Performance Tuning

The SET statement can be used to override some cluster-wide configuration parameters for a specific request:

SET <IDENTIFIER> <STRING_LITERAL>

As parameter identifiers are qualified names (containing a '.') they have to be escaped using backticks (``). Note that changing query parameters will not affect query correctness but only impact performance characteristics, such as response time and throughput.

Parallelism Parameter

The system can execute each request using multiple cores on multiple machines (a.k.a., partitioned parallelism) in a cluster. A user can manually specify the maximum execution parallelism for a request to scale it up and down using the following parameter:

  • compiler.parallelism: the maximum number of CPU cores can be used to process a query. There are three cases of the value p for compiler.parallelism:

    • p < 0 or p > the total number of cores in a cluster: the system will use all available cores in the cluster;

    • p = 0 (the default): the system will use the storage parallelism (the number of partitions of stored datasets) as the maximum parallelism for query processing;

    • all other cases: the system will use the user-specified number as the maximum number of CPU cores to use for executing the query.

Example
SET `compiler.parallelism` "16";

SELECT u.name AS uname, m.message AS message
FROM GleambookUsers u JOIN GleambookMessages m ON m.authorId = u.id;

Memory Parameters

In the system, each blocking runtime operator such as join, group-by and order-by works within a fixed memory budget, and can gracefully spill to disks if the memory budget is smaller than the amount of data they have to hold. A user can manually configure the memory budget of those operators within a query. The supported configurable memory parameters are:

  • compiler.groupmemory: the memory budget that each parallel group-by operator instance can use; 32MB is the default budget.

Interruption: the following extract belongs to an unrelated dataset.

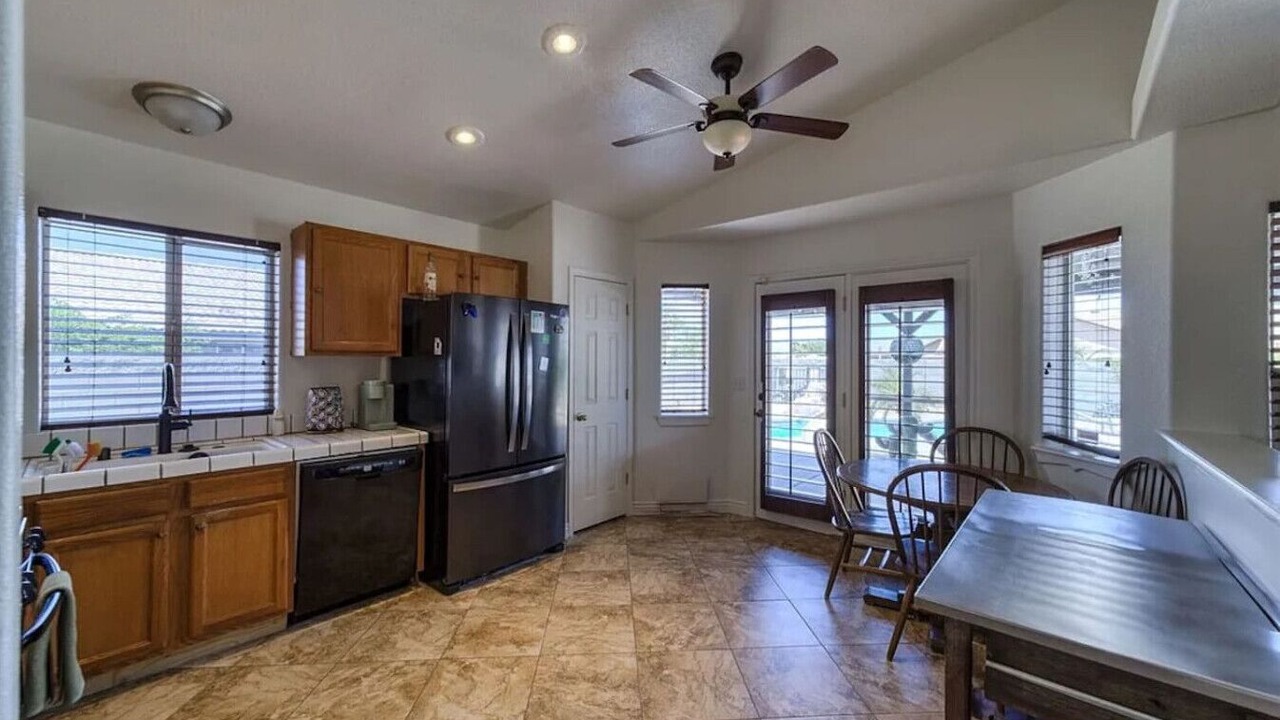 Photo of Kitchen in Fort Mohave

  • compiler.sortmemory: the memory budget that each parallel sort operator instance can use; 32MB is the default budget.

  • compiler.joinmemory: the memory budget that each parallel hash join operator instance can use; 32MB is the default budget.

For each memory budget value, you can use a 64-bit integer value with a 1024-based binary unit suffix (for example, B, KB, MB, GB). If there is no user-provided suffix, "B" is the default suffix. See the following examples.

Example
SET `compiler.groupmemory` "64MB";

SELECT msg.authorId, COUNT(*)
FROM GleambookMessages msg
GROUP BY msg.authorId;
Example
SET `compiler.sortmemory` "67108864";

SELECT VALUE user
FROM GleambookUsers AS user
ORDER BY ARRAY_LENGTH(user.friendIds) DESC;
Example
SET `compiler.joinmemory` "132000KB";

SELECT u.name AS uname, m.message AS message
FROM GleambookUsers u JOIN GleambookMessages m ON m.authorId = u.id;